Sex and the silly
And the Von Trier Flying Circus continues on its merry rounds, this time with Mr. Von Trier taking on one of his favorite subjects: self-humiliation.
Oh, you thought I was going to say 'sex?' Hah--I wish. More on that later.
Nymphomaniac: Vol. 1 is the first half of a four-hour work, this part devoted to setting up the framework: badly beaten Joe (Charlotte Gainsbourg) is picked up by Good Samaritan Seligman (Stellan Skarsgaard), who for his kindness is allowed to listen to her raunchy adventures as a nubile youth (played with vampiric intensity by Stacey Martin). Along the way Seligman compares Joe's seduction techniques to fly fishing, her true love Jerome (Shia LaBeouf) to a cantus firmus in the polyphonic symphony of her life; along the way Joe beds hordes of men, at one point giving us an extensive picture catalog of all the penises--long or short, dark or pale, circumcised or foreskinned--that have penetrated her, fore and aft and sideways, throughout her sexual career.
The tone is somewhere between a Victorian erotic novel and a Ron Jeremy porn flick, a mix of the dreamily sensual and vulgarly direct (that description may not be 100% accurate--a genuine Victorian novel would have considerably more whipping (Vol. 2, maybe?)).
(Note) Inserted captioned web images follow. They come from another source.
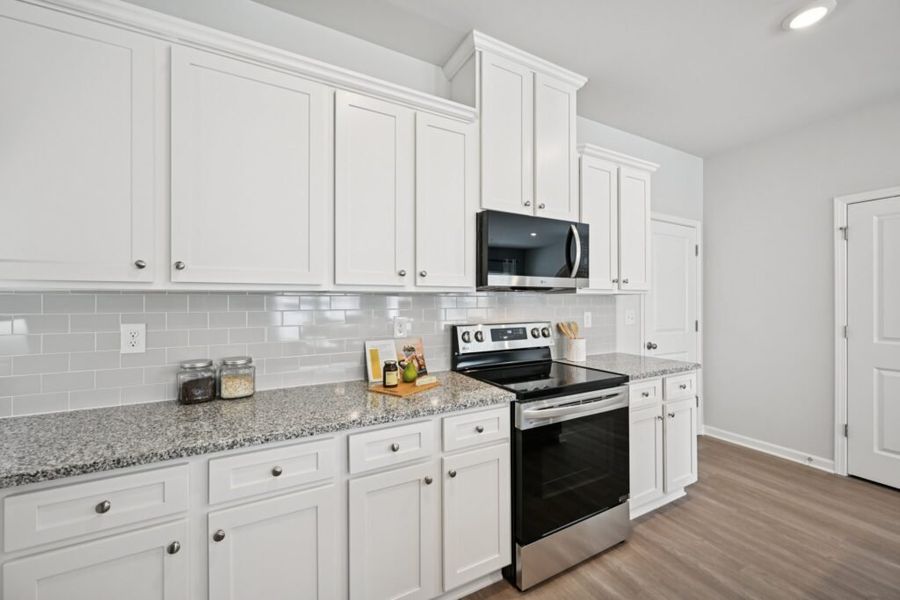 Furnished interior in a model home at Chastain Heights in Woodstock (Image 31).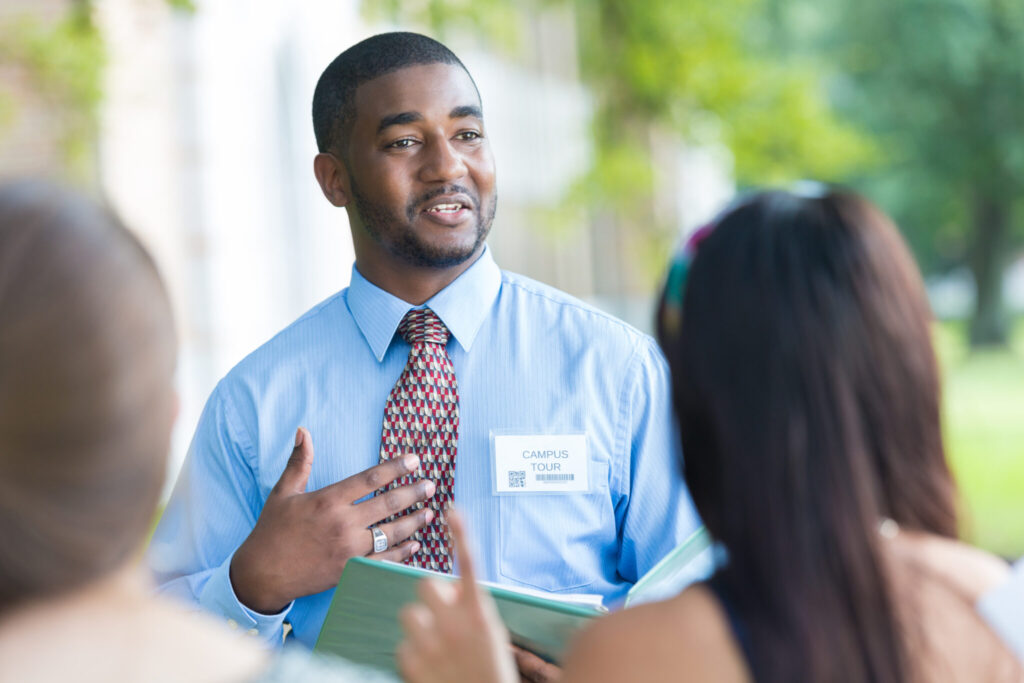 A campus tour guide giving high school students a tour of the college campus.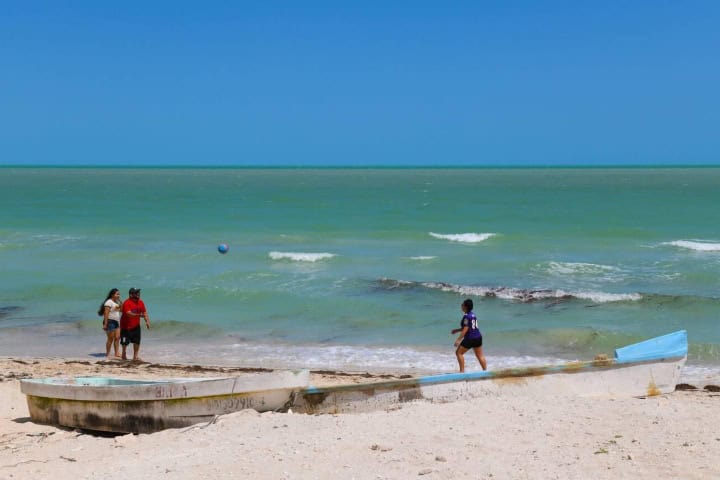 12. Visitantes jugando en la playa de Chuburná. Foto - Alamy
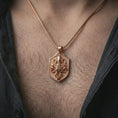 Load image into Gallery viewer, Rose gold plated kraken octopus shield pendant necklace worn on the neck, presented in a close-up lifestyle shot with a refined nautical aesthetic.
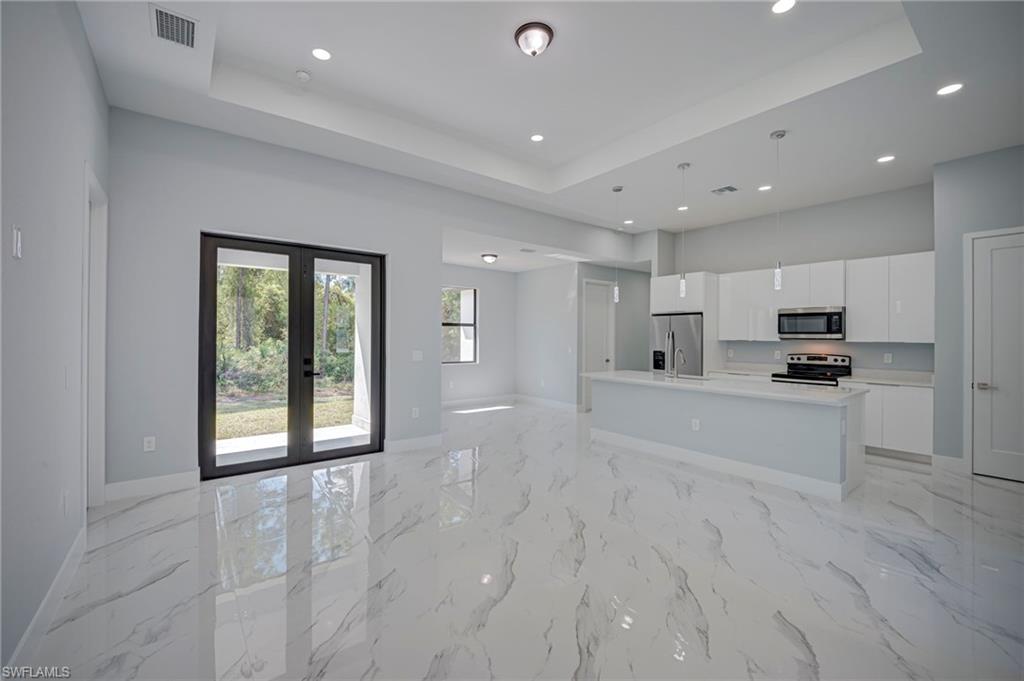 Kitchen featuring open floor plan, white cabinetry, an island with sink, french doors, and stainless steel appliances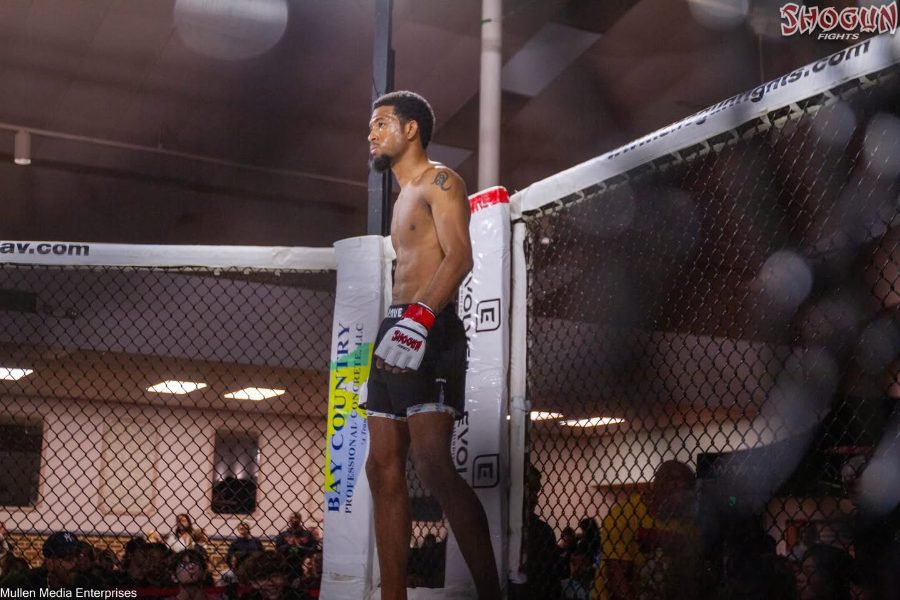 Deon Jackson, kids Muay Thai instructor at Baltimore Martial Arts Academy, in the cage at Shogun Fights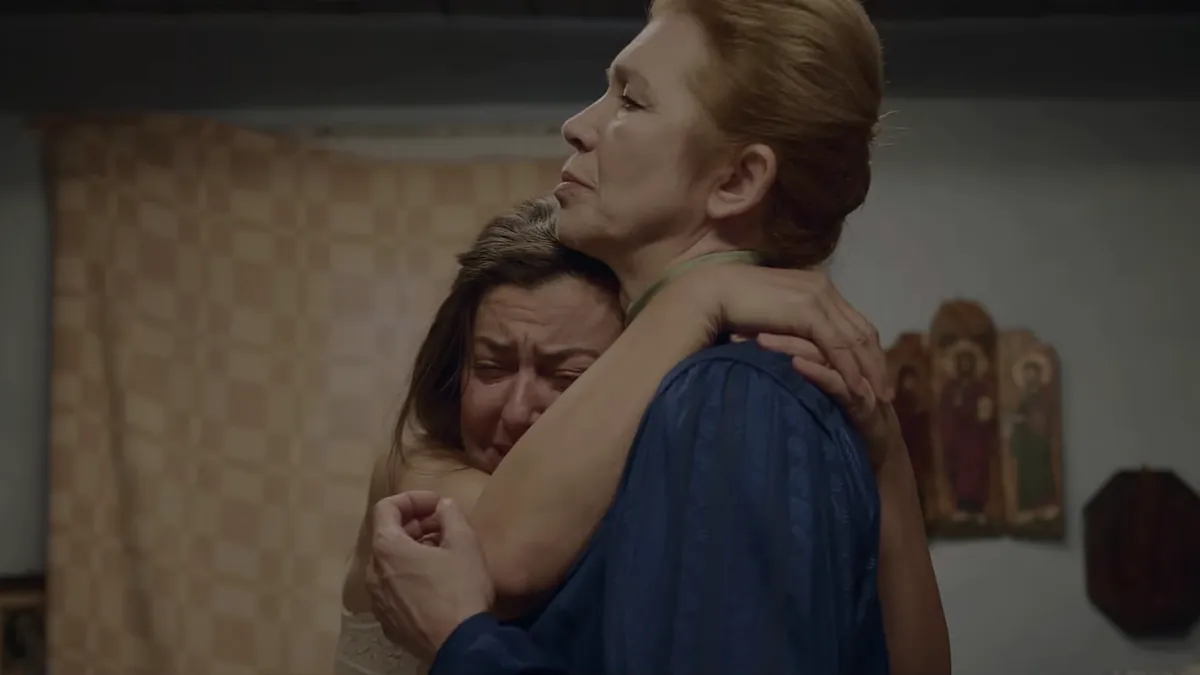 An older woman holds a weeping younger woman in her arms, icons on the wall behind them.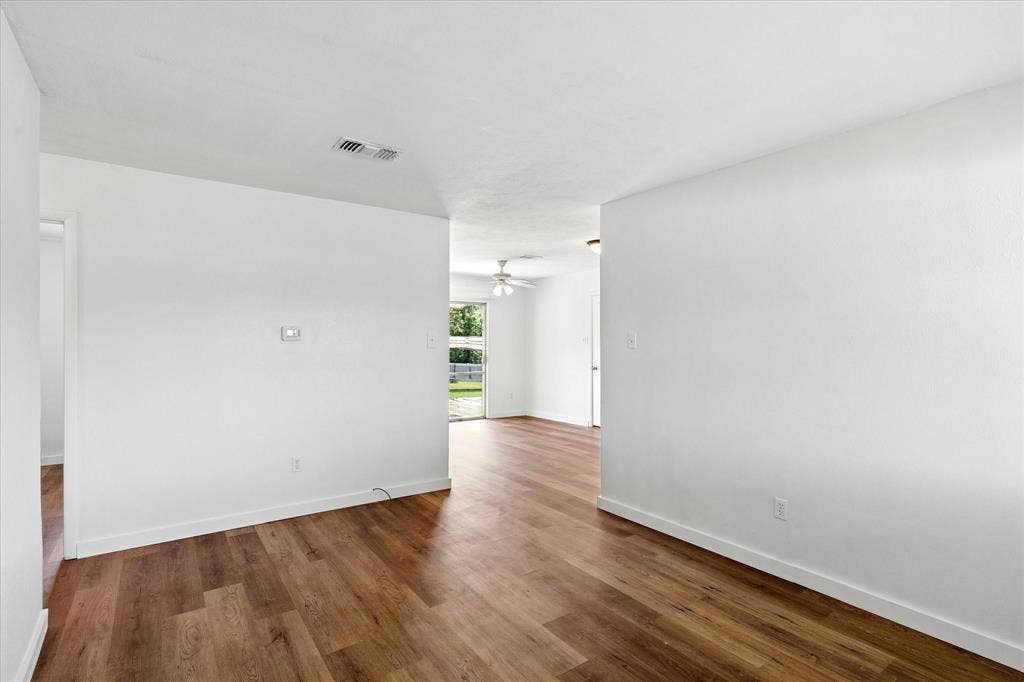 5820 Shipp Drive, Watauga, TX 76148 Open living area featuring wood-finish flooring, white walls, and white baseboards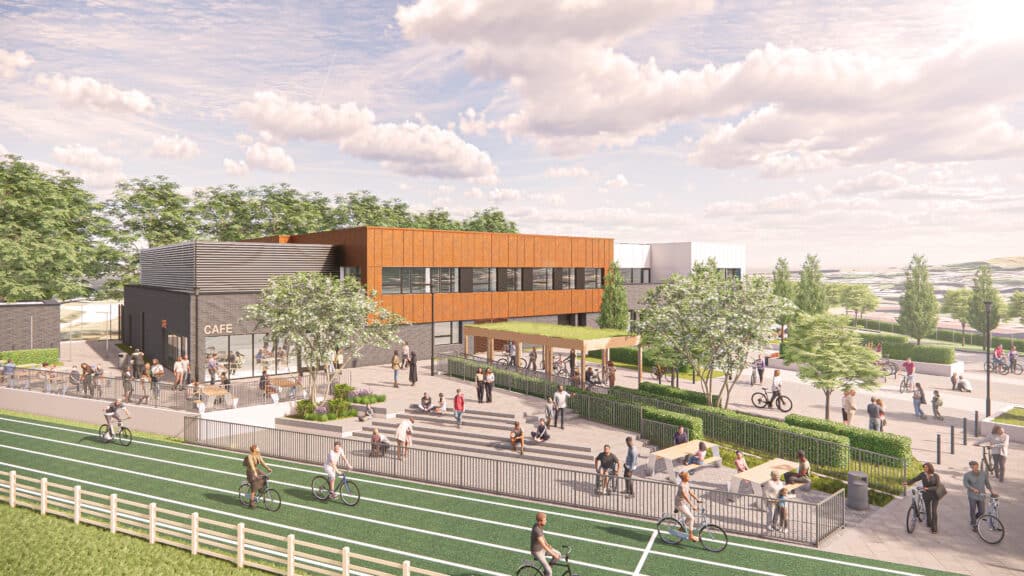 Visualisation of Bristol Regional Cycling Hub - track & building showing cyclists using the track, people sitting on beaches watching a cafe next to the main building and lots of trees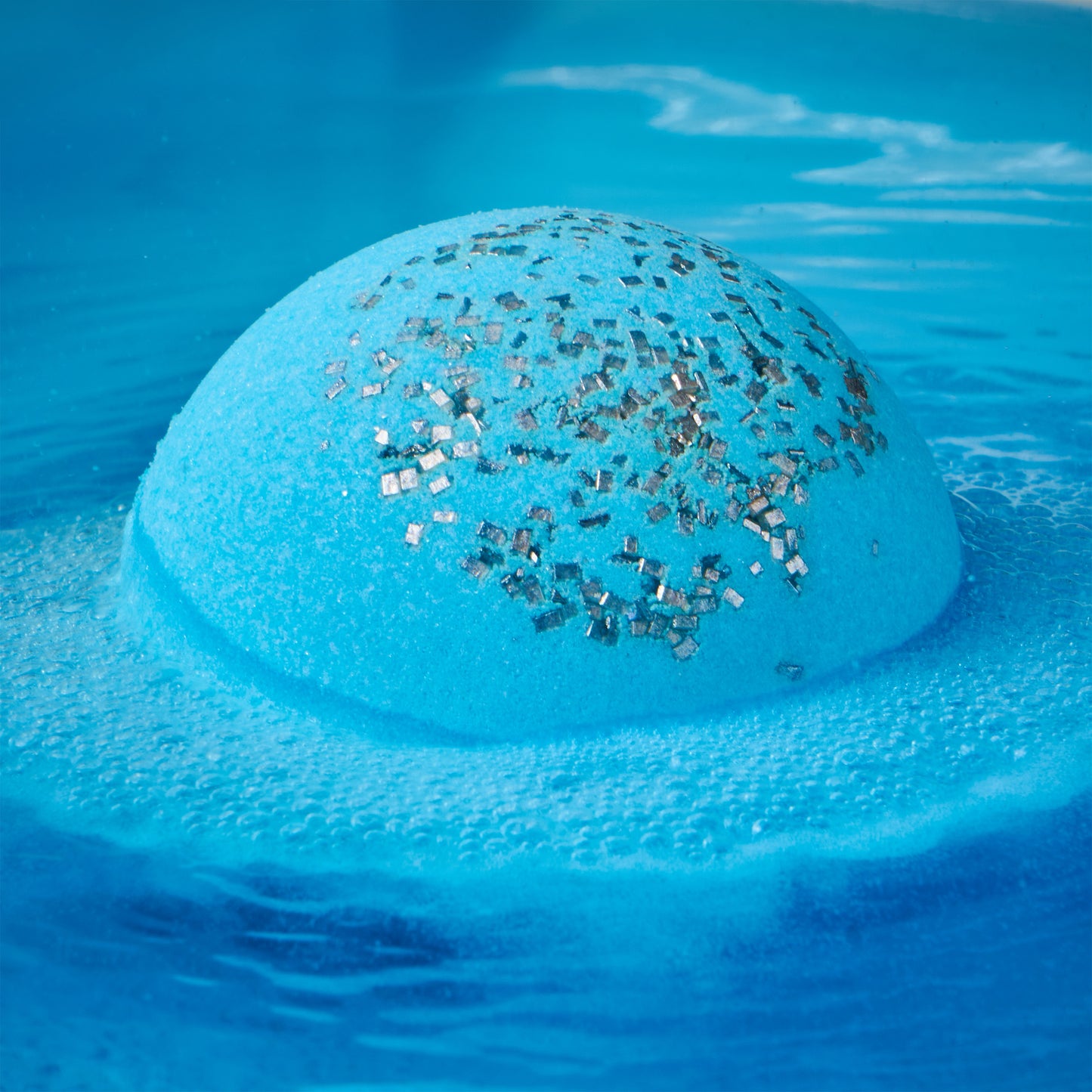 a blue bath bomb with sprinkles half submerged fizzing in water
The fable told by a sensual protagonist goes back at least as far as De Sade's Justine or his masterpiece 120 Days of Sodom, and right there you see a difference: De Sade's narrator in the former is a youthful innocent in the process of being corrupted, in the latter are hedonists attempting to corrupt a herd of youthful innocents. Joe's a wanderer of sorts but her travels and eventual transformation generate very little friction; she basically slides into her groove with remarkably little drama and even less fuss (well, a brief discussion of the Fibonacci numbers 3 and 5), riding to town on an endless series of Toms, Dicks and Harrys with nary a tube of Vaseline in sight (just a quick lick of the fingers, applied to the right orifice).
It's amazing how fast this gets old, without the frisson of guilt or the concept of sin; when she confesses to having secreted lubricating fluids at the moment of a major character's death, Seligman promptly lectures her on the naturalness of the phenomenon. When she's confronted with one consequence of her actions--a visit from her lovers' wife (a dizzyingly distraught Uma Thurman) and family--the moment should be a chance for some emotional traction, only the dialogue is so laughably bad ("would it be all right if I show the children the whoring bed?"). Thurman plays the wife as a combination of sarcastic civility and barely checked rage, and the mix--as in most Von Trier movies--doesn't quite gel, doesn't quite sound like the words of an angry spouse trying to get some of her own back.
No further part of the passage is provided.